## Task brief
What are the lines below, starting at the line containing "Schattigee honden met" and ending at the line containing "Antique Wooden Table, w/1"? Write them out exactly, ends included, without pictures.

## Given records
______________________________
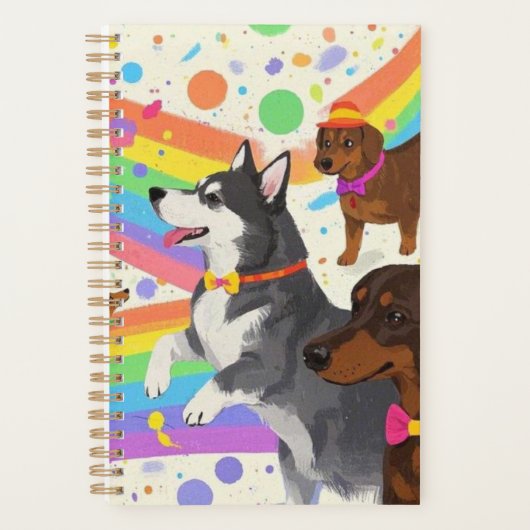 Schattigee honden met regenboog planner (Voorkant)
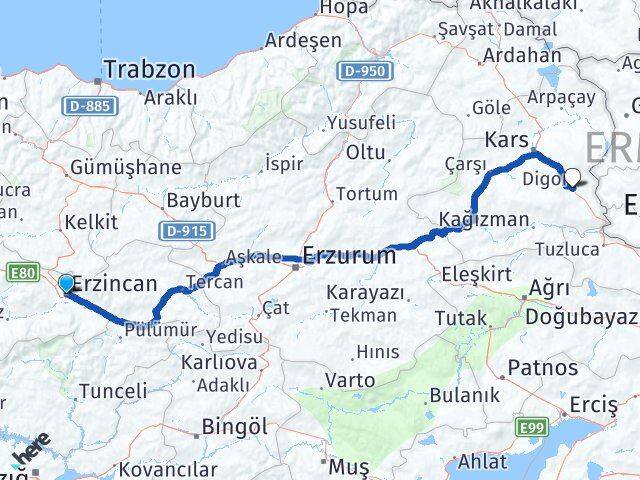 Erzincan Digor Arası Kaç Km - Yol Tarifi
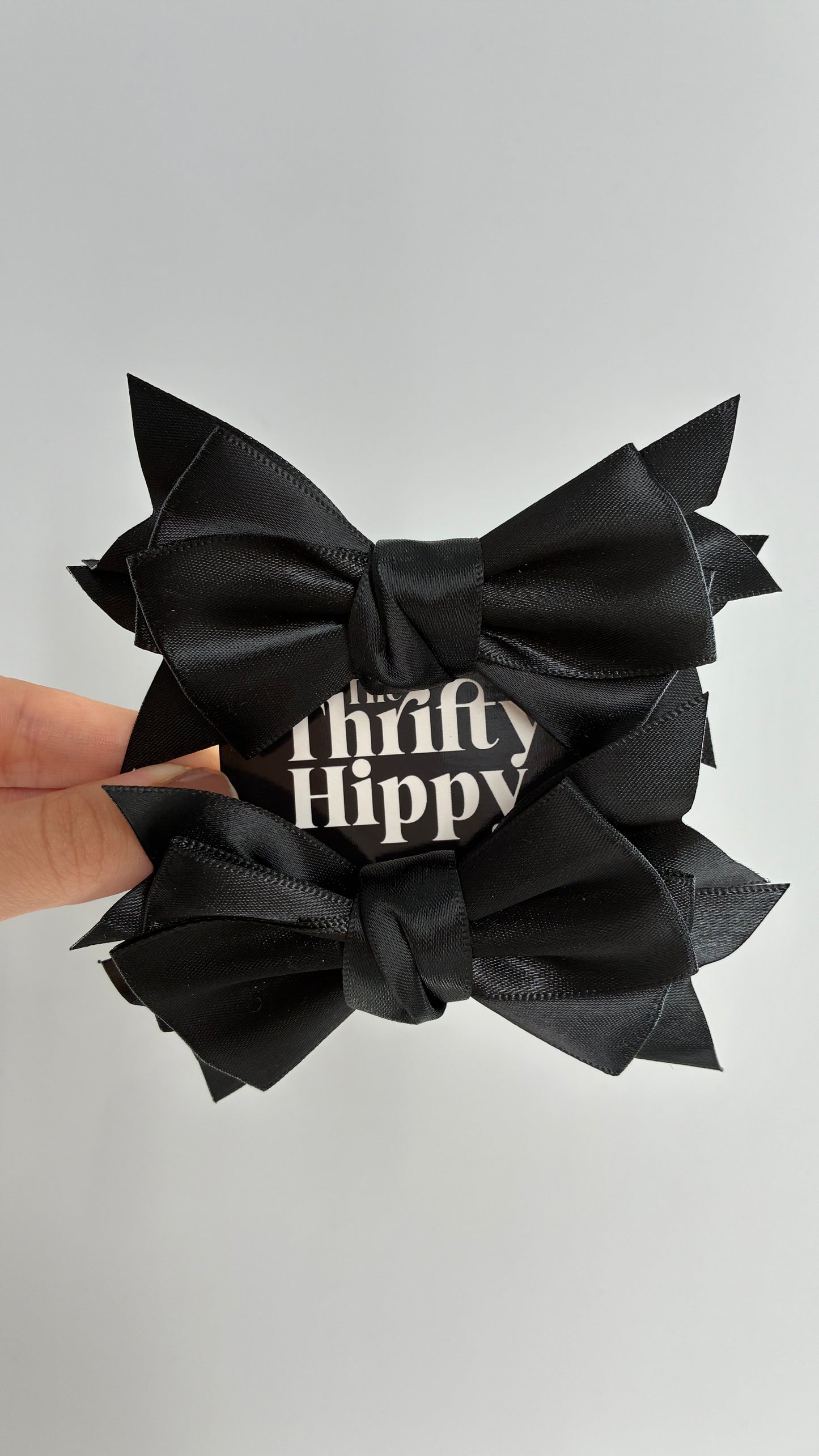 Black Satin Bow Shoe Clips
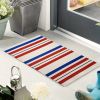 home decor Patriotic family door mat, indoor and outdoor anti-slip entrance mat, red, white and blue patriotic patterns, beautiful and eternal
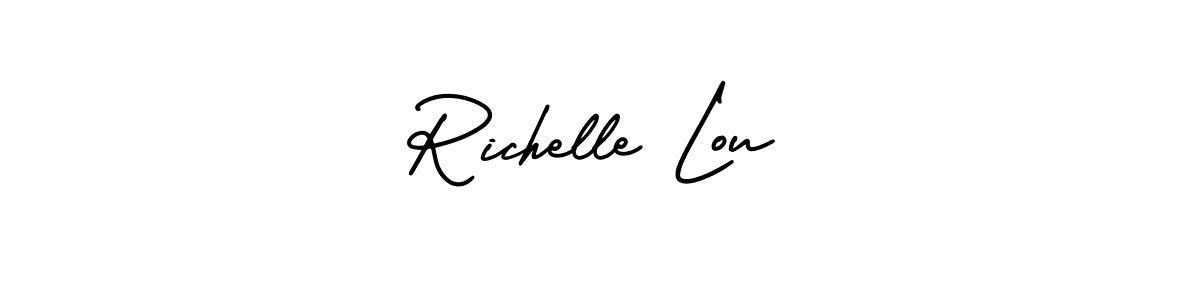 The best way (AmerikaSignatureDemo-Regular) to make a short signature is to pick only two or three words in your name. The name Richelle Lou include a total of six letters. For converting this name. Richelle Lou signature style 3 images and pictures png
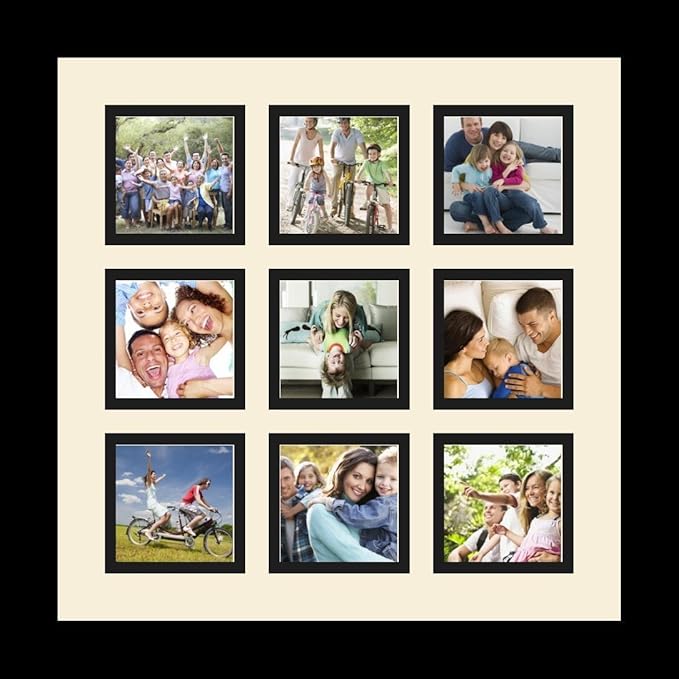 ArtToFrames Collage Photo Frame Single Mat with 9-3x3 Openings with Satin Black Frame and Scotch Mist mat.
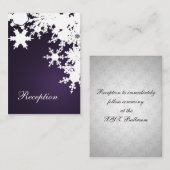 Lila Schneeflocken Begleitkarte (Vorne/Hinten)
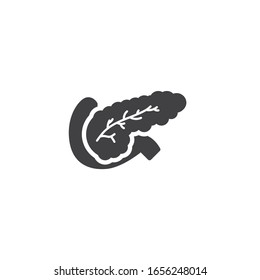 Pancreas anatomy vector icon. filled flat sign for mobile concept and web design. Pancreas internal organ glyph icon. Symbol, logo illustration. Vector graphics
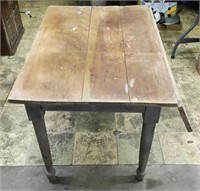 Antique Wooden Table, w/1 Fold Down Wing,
______________________________
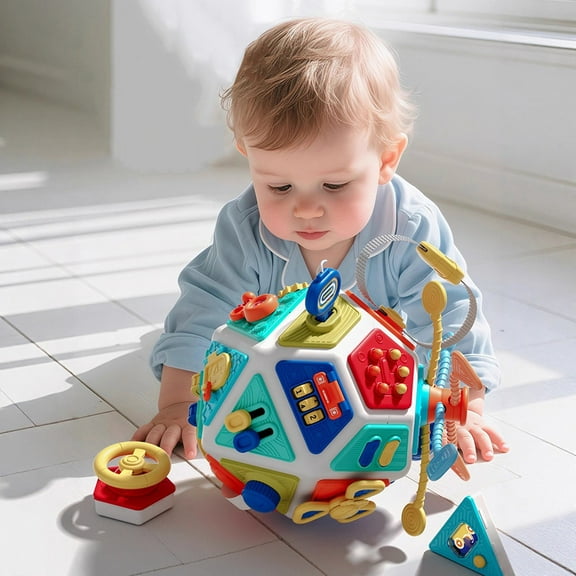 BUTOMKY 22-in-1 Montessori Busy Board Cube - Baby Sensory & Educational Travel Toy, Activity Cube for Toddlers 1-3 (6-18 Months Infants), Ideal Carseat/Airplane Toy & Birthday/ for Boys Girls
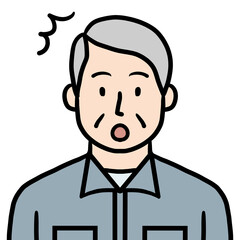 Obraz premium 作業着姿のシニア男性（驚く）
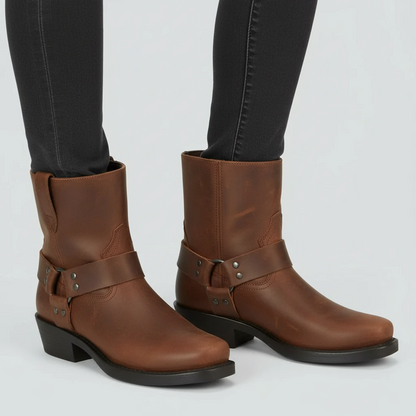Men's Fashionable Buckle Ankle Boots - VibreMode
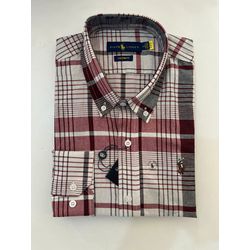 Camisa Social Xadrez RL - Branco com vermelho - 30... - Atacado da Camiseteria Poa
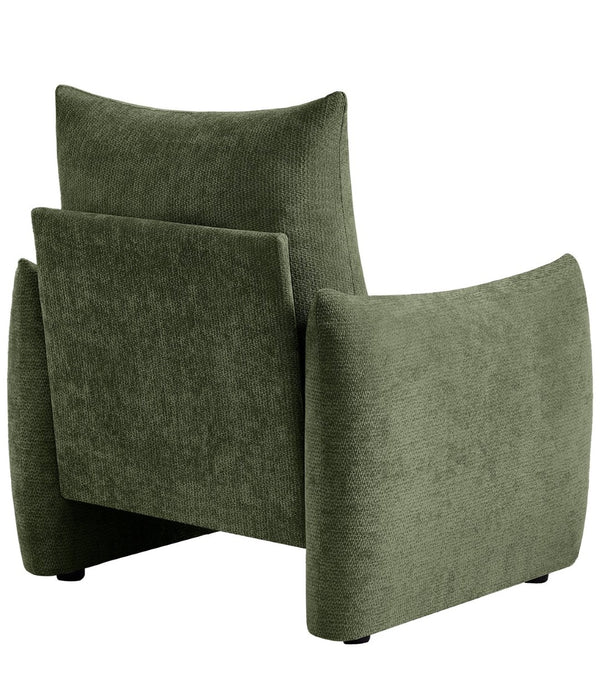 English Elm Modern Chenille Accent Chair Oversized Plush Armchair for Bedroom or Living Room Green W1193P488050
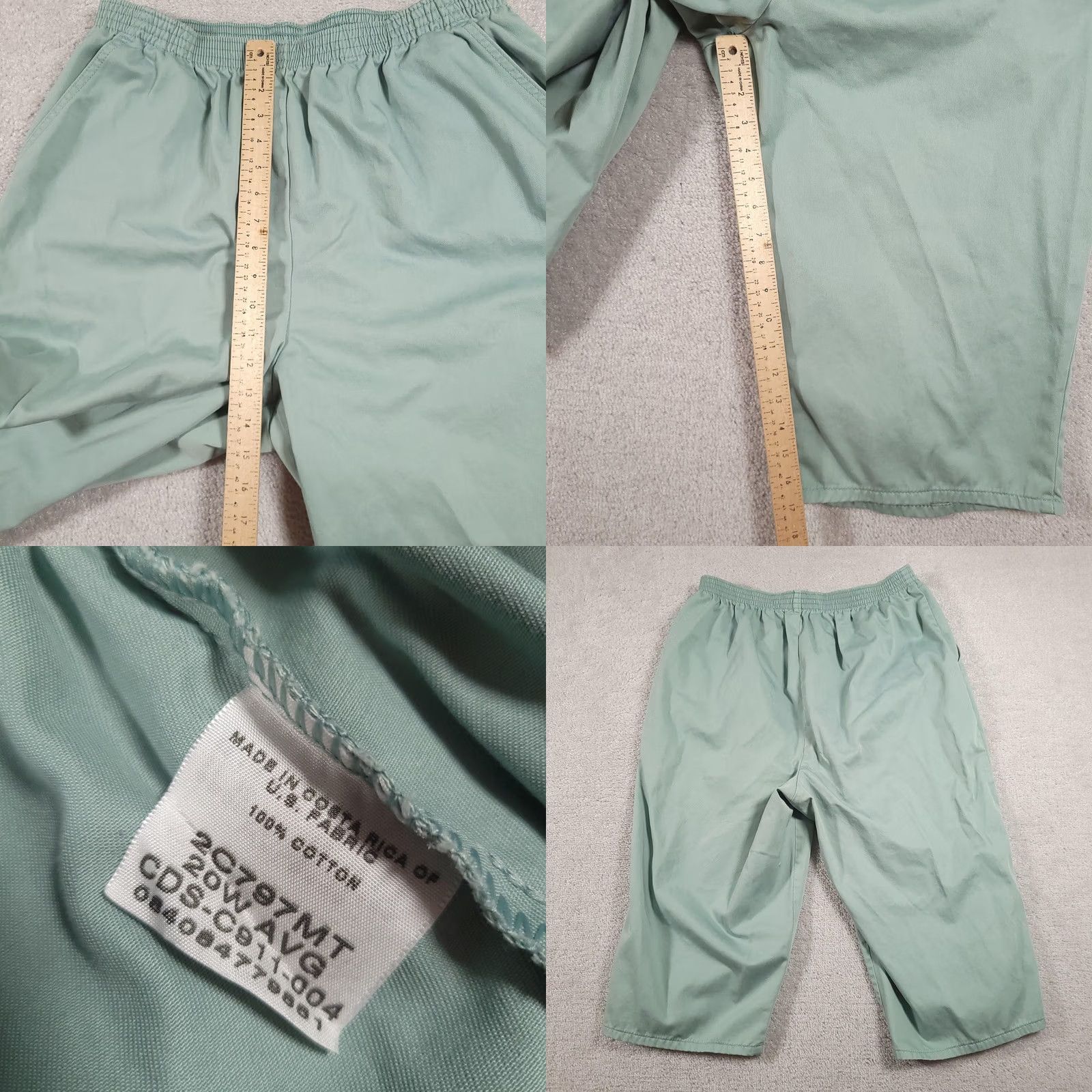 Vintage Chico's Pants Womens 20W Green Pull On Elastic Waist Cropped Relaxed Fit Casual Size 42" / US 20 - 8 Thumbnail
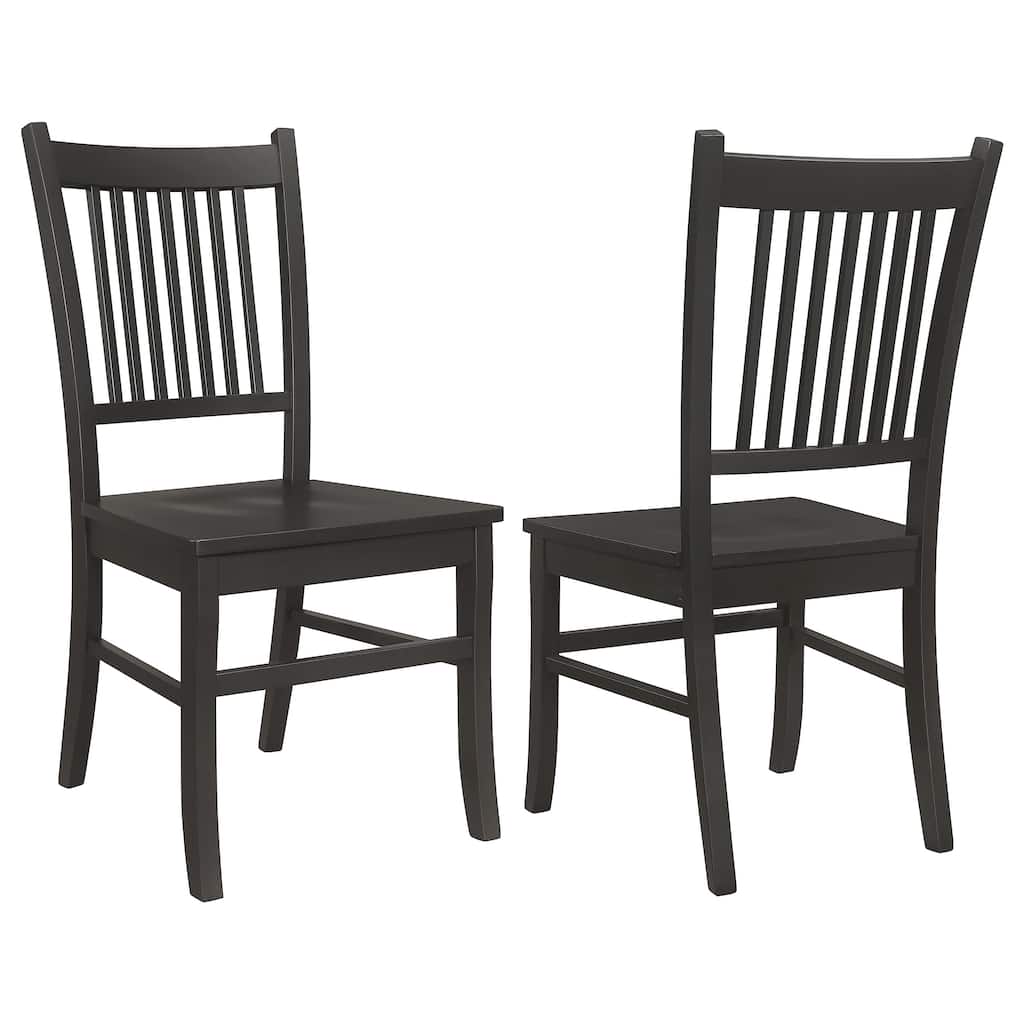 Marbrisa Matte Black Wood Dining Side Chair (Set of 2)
______________________________
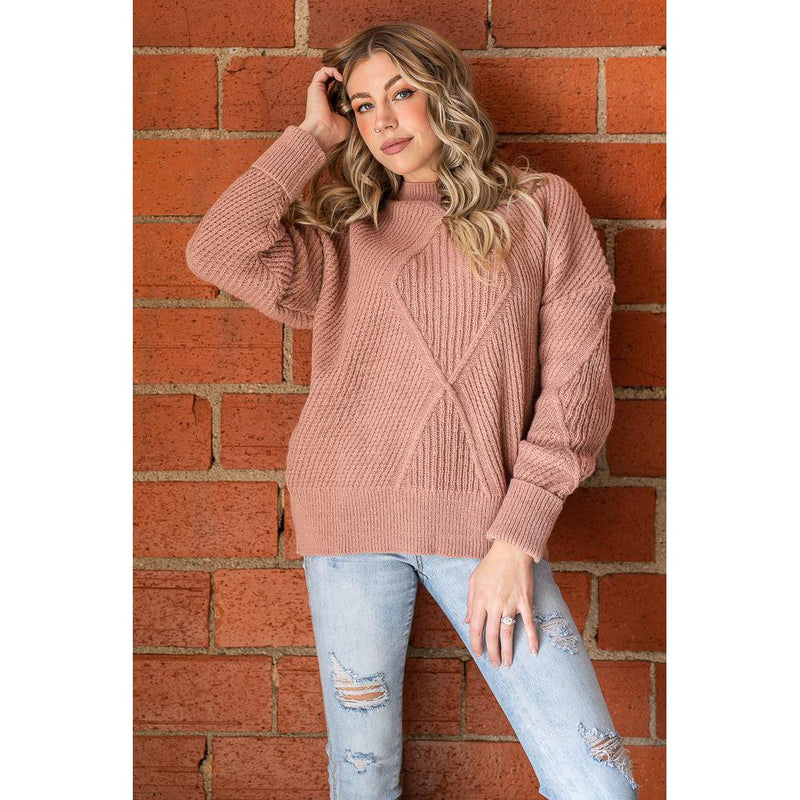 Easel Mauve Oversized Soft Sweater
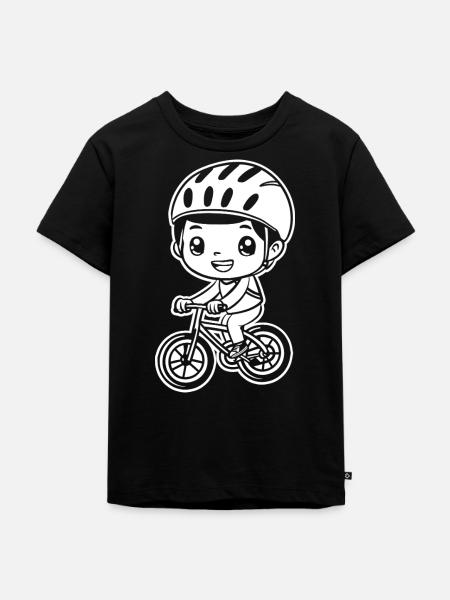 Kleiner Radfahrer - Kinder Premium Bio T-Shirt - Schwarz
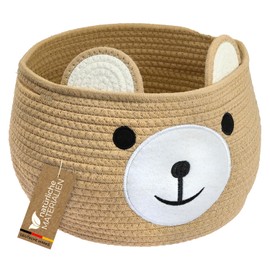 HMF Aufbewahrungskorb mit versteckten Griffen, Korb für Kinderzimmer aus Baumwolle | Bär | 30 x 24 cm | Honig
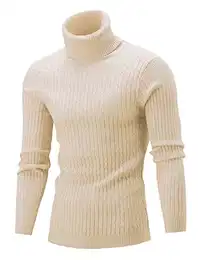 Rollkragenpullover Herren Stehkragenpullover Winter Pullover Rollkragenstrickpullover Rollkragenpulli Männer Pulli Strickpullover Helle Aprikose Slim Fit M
______________________________
## Answer space
 Schattigee honden met regenboog planner (Voorkant)
 Erzincan Digor Arası Kaç Km - Yol Tarifi
 Black Satin Bow Shoe Clips
 home decor Patriotic family door mat, indoor and outdoor anti-slip entrance mat, red, white and blue patriotic patterns, beautiful and eternal
 The best way (AmerikaSignatureDemo-Regular) to make a short signature is to pick only two or three words in your name. The name Richelle Lou include a total of six letters. For converting this name. Richelle Lou signature style 3 images and pictures png
 ArtToFrames Collage Photo Frame Single Mat with 9-3x3 Openings with Satin Black Frame and Scotch Mist mat.
 Lila Schneeflocken Begleitkarte (Vorne/Hinten)
 Pancreas anatomy vector icon. filled flat sign for mobile concept and web design. Pancreas internal organ glyph icon. Symbol, logo illustration. Vector graphics
 Antique Wooden Table, w/1 Fold Down Wing,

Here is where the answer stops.